Senator CHERRY (3:30 PM) —by leave—I move Democrat amendments (6) and (7) on sheet 2606:

(6) Schedule 1, page 7 (after line 28), after item 18, insert:

18A Subparagraph 37(2)(b)(i)

After “test growing”, insert “by an independent, qualified person who does not have any financial or contractual links with the applicant or grantee of a PBR”.

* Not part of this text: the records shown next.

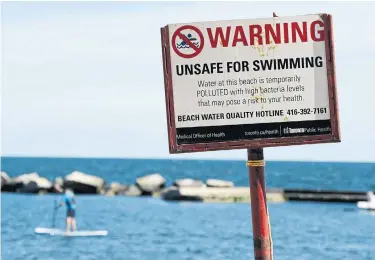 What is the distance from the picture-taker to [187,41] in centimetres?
784

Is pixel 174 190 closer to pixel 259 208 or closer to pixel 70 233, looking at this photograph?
pixel 70 233

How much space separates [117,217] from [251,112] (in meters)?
53.0

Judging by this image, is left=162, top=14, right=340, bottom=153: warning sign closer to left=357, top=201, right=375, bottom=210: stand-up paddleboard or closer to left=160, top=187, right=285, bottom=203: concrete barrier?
left=357, top=201, right=375, bottom=210: stand-up paddleboard

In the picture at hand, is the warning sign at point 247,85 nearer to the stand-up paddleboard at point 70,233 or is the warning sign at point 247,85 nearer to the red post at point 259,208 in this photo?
the red post at point 259,208

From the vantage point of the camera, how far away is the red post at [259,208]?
7.95 metres

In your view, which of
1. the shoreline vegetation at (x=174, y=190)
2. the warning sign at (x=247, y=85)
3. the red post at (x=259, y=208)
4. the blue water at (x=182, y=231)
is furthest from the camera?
the shoreline vegetation at (x=174, y=190)

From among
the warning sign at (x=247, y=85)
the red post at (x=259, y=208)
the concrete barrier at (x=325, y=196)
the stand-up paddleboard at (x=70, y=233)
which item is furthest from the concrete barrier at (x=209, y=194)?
the warning sign at (x=247, y=85)

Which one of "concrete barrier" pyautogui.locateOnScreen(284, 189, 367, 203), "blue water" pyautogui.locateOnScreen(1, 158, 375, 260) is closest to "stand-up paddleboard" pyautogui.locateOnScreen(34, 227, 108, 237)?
"blue water" pyautogui.locateOnScreen(1, 158, 375, 260)

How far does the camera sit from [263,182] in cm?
804

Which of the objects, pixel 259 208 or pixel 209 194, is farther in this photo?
pixel 209 194

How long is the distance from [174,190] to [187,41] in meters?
73.5

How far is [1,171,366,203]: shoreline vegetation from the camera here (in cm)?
7756

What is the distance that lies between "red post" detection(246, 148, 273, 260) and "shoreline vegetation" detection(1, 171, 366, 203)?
6785 cm

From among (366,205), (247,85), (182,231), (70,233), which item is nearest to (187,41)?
(247,85) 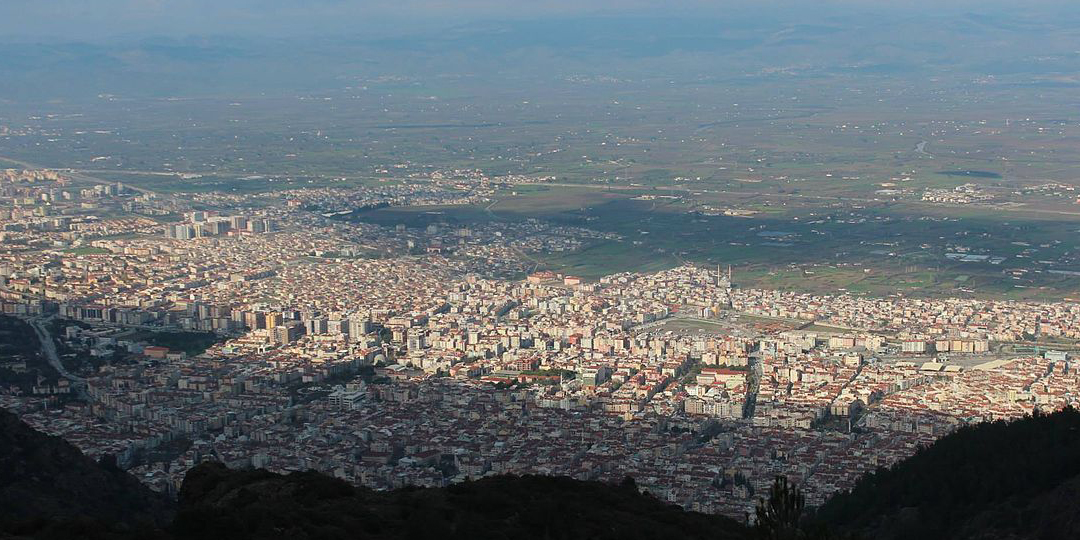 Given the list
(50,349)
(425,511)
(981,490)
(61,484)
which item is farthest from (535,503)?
(50,349)

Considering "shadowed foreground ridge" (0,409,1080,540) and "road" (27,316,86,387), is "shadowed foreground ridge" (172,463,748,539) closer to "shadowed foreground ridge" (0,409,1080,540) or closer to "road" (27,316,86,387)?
"shadowed foreground ridge" (0,409,1080,540)

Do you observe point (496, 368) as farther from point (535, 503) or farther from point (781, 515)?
point (781, 515)

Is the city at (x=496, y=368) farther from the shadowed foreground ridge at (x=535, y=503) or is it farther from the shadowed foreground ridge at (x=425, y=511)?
the shadowed foreground ridge at (x=425, y=511)

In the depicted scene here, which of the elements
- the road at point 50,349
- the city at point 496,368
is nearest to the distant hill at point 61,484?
the city at point 496,368

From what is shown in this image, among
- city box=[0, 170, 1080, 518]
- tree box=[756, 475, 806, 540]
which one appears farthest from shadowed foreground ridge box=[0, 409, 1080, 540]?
city box=[0, 170, 1080, 518]

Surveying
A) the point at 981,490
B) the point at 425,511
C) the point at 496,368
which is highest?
the point at 425,511

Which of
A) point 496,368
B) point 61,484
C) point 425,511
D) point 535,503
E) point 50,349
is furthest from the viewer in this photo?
point 50,349

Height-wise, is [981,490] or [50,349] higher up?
[981,490] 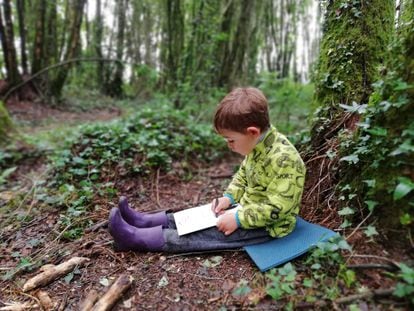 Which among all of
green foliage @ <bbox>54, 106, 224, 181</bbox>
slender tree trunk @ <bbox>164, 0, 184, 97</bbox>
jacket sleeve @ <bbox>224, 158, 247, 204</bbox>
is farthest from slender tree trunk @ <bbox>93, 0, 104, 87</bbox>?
jacket sleeve @ <bbox>224, 158, 247, 204</bbox>

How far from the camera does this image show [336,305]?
1.69 metres

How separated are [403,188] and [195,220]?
143 centimetres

(7) Schedule 1, page 7 (after line 28), after item 18, insert:

18B Subparagraph 37(2)(b)(ii)

Repeal the subparagraph.

Amendment (6) deals with PBR applications and test growing. A PBR application may include a requirement for test growing of a plant variety. Currently the test is conducted by a person or persons selected and paid for by the applicant. This amendment requires that the test be conducted by an independent person without contractual relations to the applicant. Once again, this measure is intended to prevent biopiracy and the granting of rights over plant varieties that should not be granted. In a 1998 review of the worldwide patenting of plant varieties, the Rural Advancement Foundation International out of the UK and Heritage Seed Curators Australia prepared a report called Plant breeders wrongs. It examined the worldwide operation of plant breeders rights, and in respect of Australia's record it said:

Of the seven countries studied, it is clear that Australia is the only state whose abuses are so pervasive as to describe the state itself as a predator.

America, according to the RAFI, was a distant second. In our view, this change to the definition of `test growing' will ensure that the system becomes much more robust and independent and that those sorts of claims will not be made about Australia into the future. Amendment (7) is a subsequent amendment, flowing on from amendment (6).